Segment Start: Task input

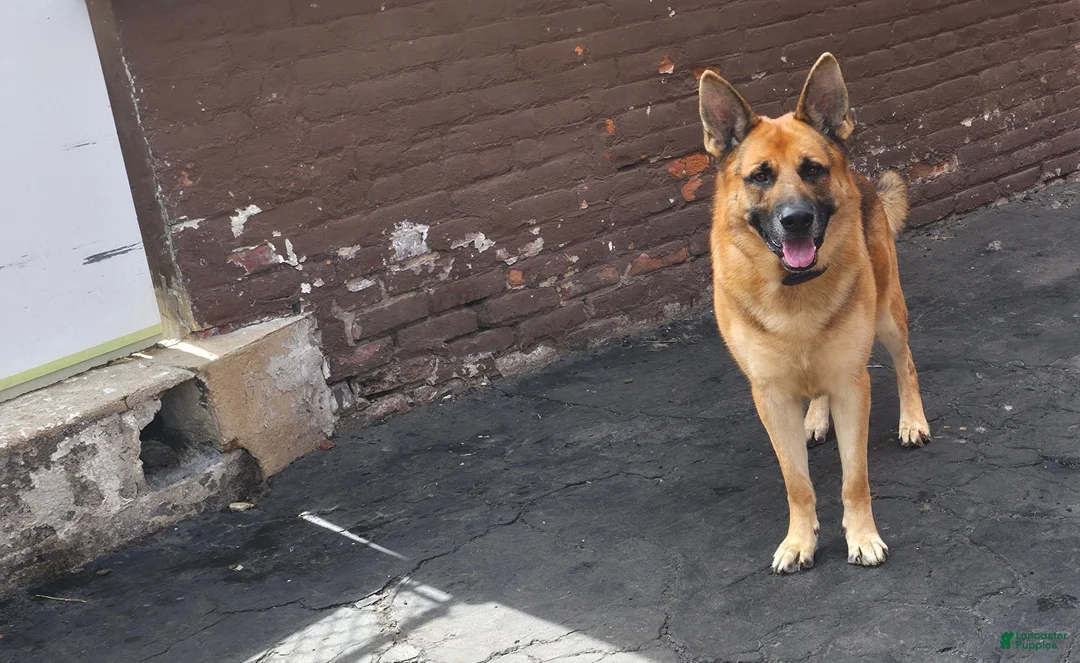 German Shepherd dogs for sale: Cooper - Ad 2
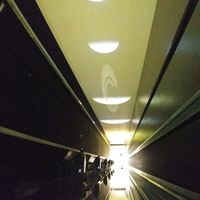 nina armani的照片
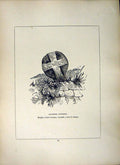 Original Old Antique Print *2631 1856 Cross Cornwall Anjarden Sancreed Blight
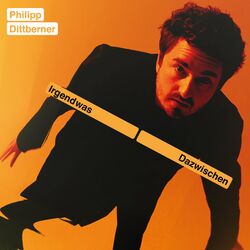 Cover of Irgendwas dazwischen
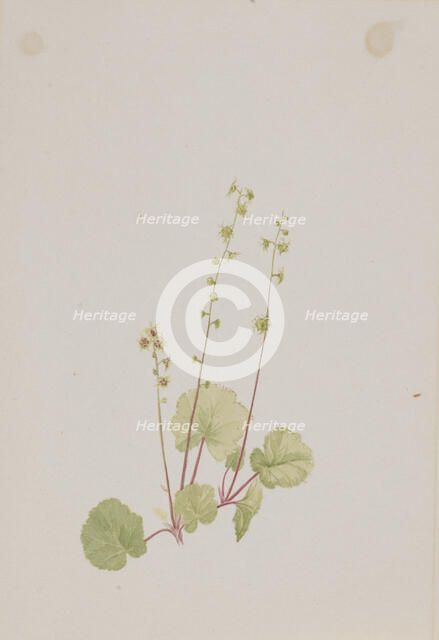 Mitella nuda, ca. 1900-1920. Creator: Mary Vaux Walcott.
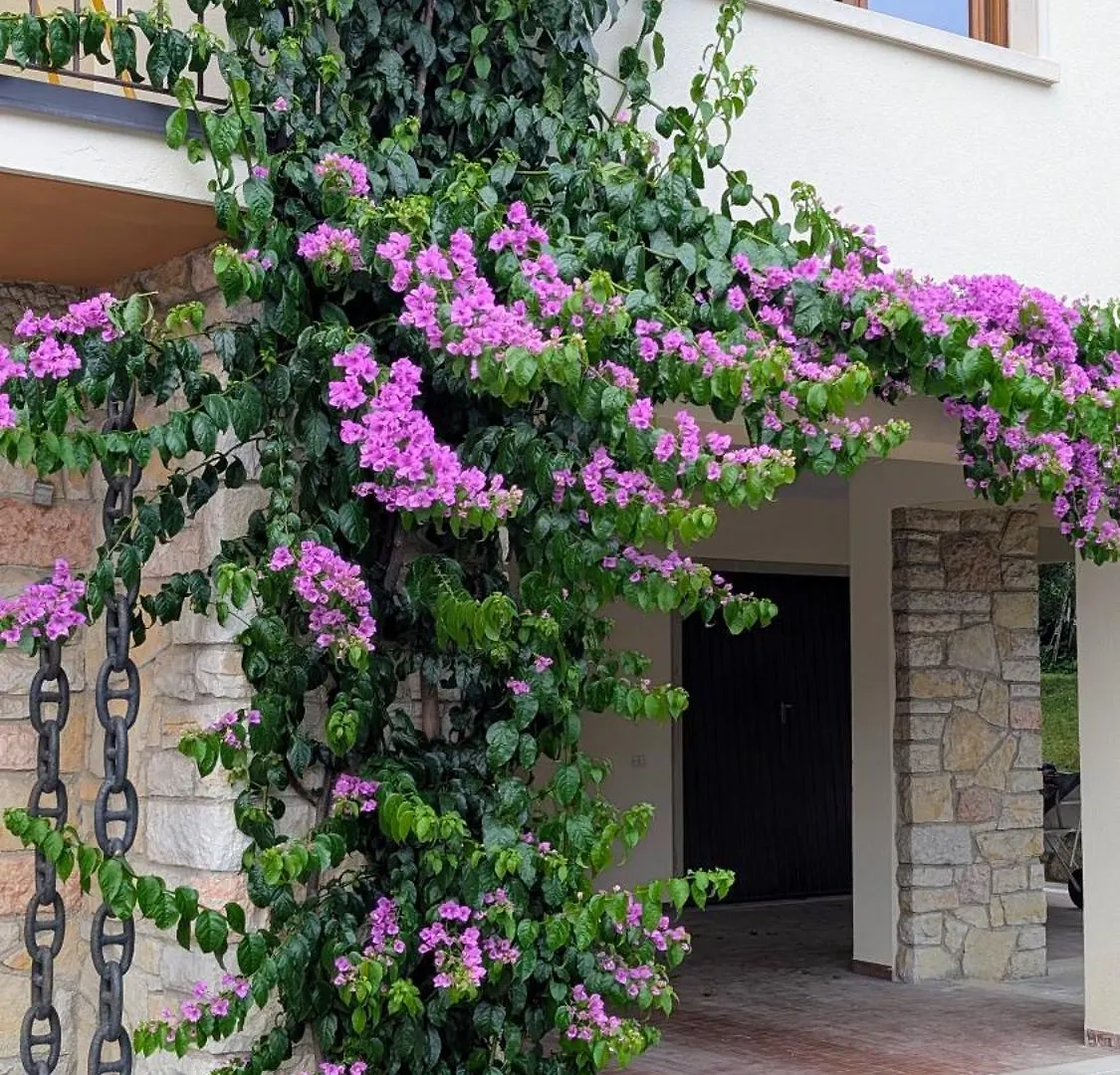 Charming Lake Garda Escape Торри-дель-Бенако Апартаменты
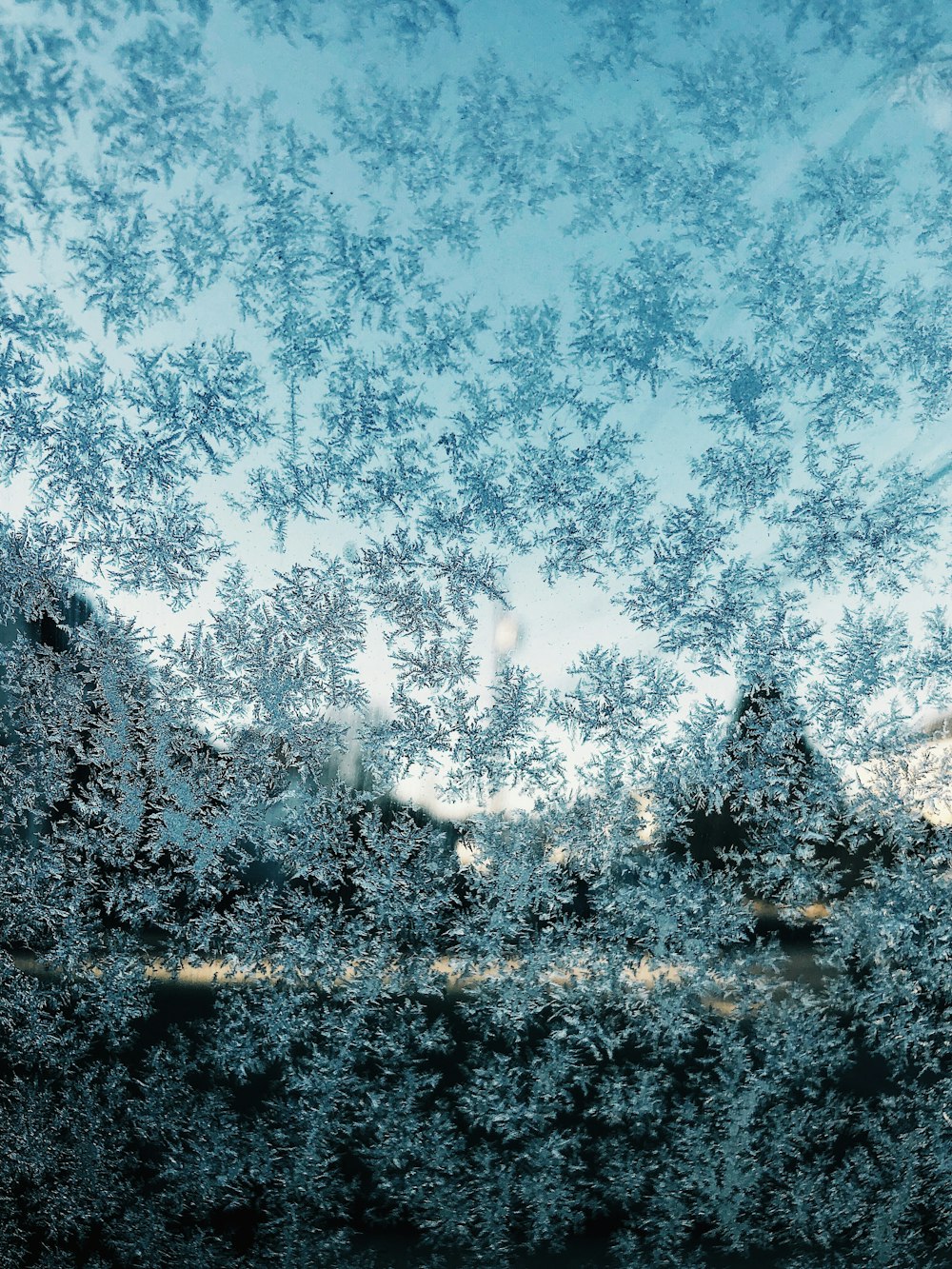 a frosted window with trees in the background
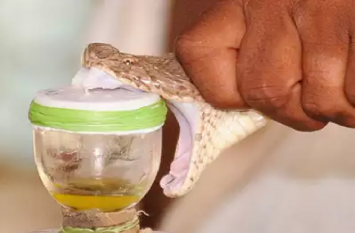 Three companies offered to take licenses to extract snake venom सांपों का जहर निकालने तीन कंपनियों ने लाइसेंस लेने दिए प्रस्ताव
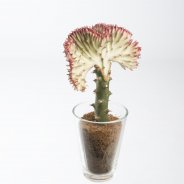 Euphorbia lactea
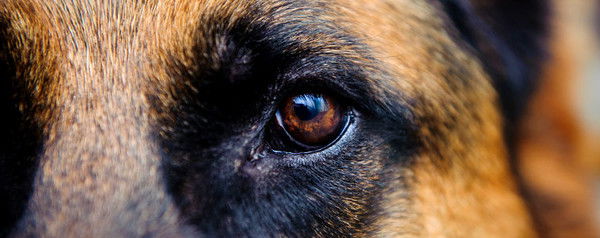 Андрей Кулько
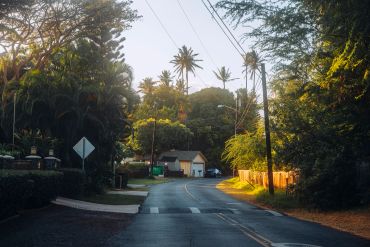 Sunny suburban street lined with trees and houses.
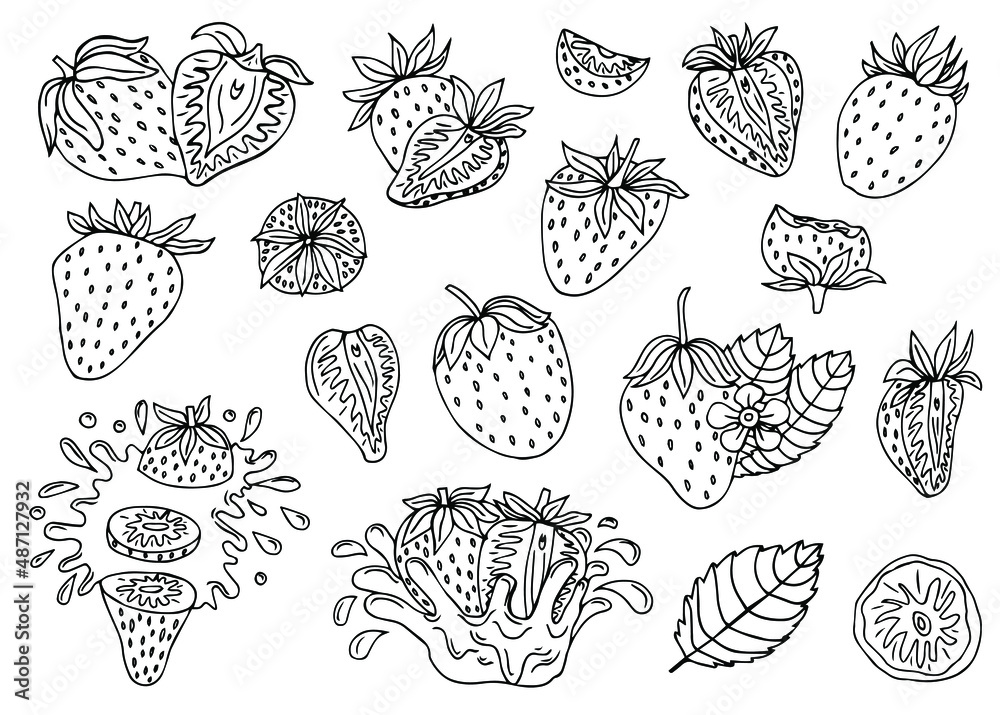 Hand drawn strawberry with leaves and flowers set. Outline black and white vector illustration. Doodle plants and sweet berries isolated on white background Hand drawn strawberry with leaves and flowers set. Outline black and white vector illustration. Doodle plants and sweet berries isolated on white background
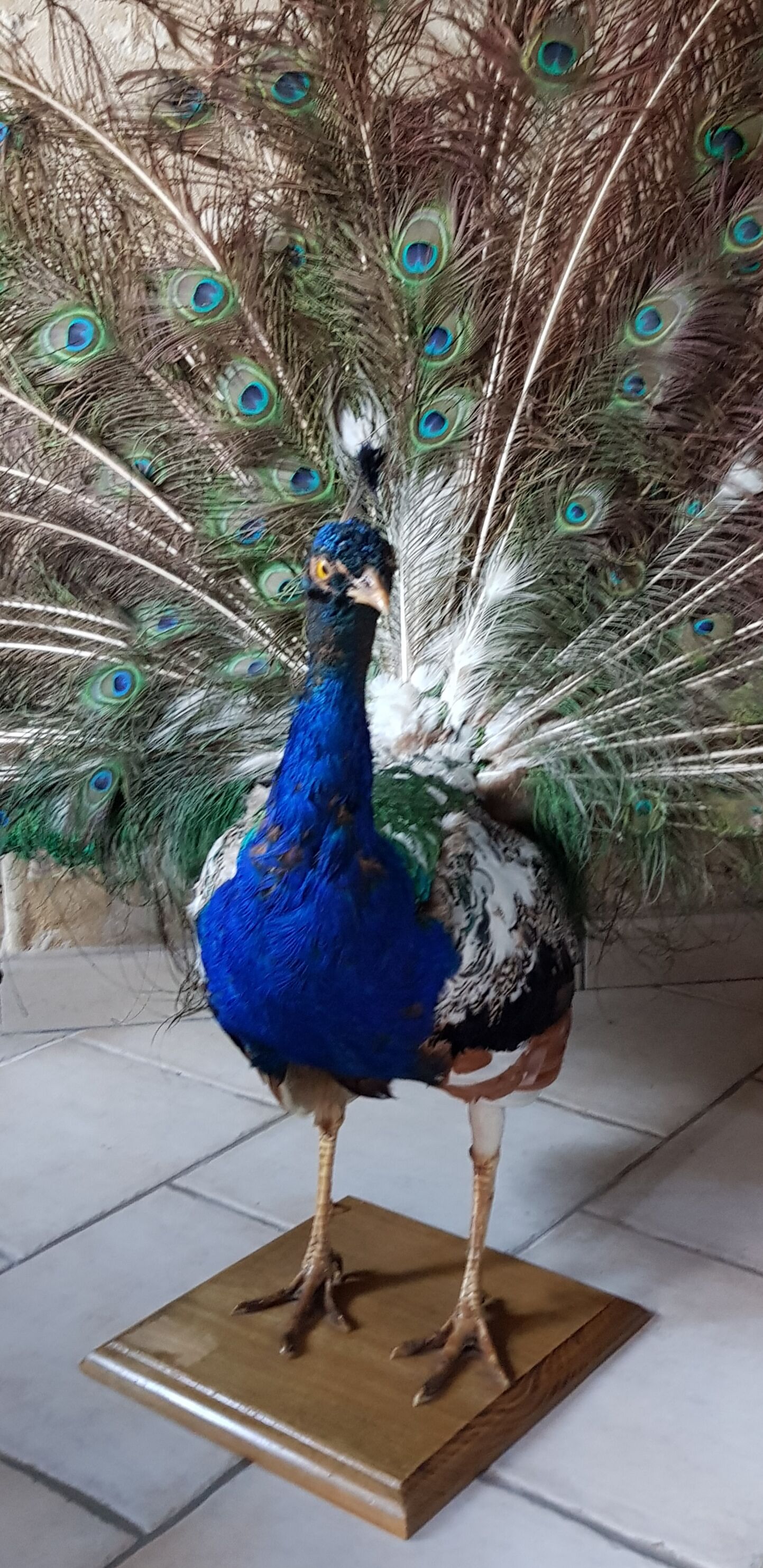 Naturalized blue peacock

Segment End: Task input

▶ _Task directions_
Your copy should match the records above exactly, except that it contains no pictures.

▶ _Task output_
 German Shepherd dogs for sale: Cooper - Ad 2
 nina armani的照片
 Original Old Antique Print *2631 1856 Cross Cornwall Anjarden Sancreed Blight
 Cover of Irgendwas dazwischen
 Mitella nuda, ca. 1900-1920. Creator: Mary Vaux Walcott.
 Charming Lake Garda Escape Торри-дель-Бенако Апартаменты
 a frosted window with trees in the background
 Three companies offered to take licenses to extract snake venom सांपों का जहर निकालने तीन कंपनियों ने लाइसेंस लेने दिए प्रस्ताव
 Euphorbia lactea
 Андрей Кулько
 Sunny suburban street lined with trees and houses.
 Hand drawn strawberry with leaves and flowers set. Outline black and white vector illustration. Doodle plants and sweet berries isolated on white background Hand drawn strawberry with leaves and flowers set. Outline black and white vector illustration. Doodle plants and sweet berries isolated on white background
 Naturalized blue peacock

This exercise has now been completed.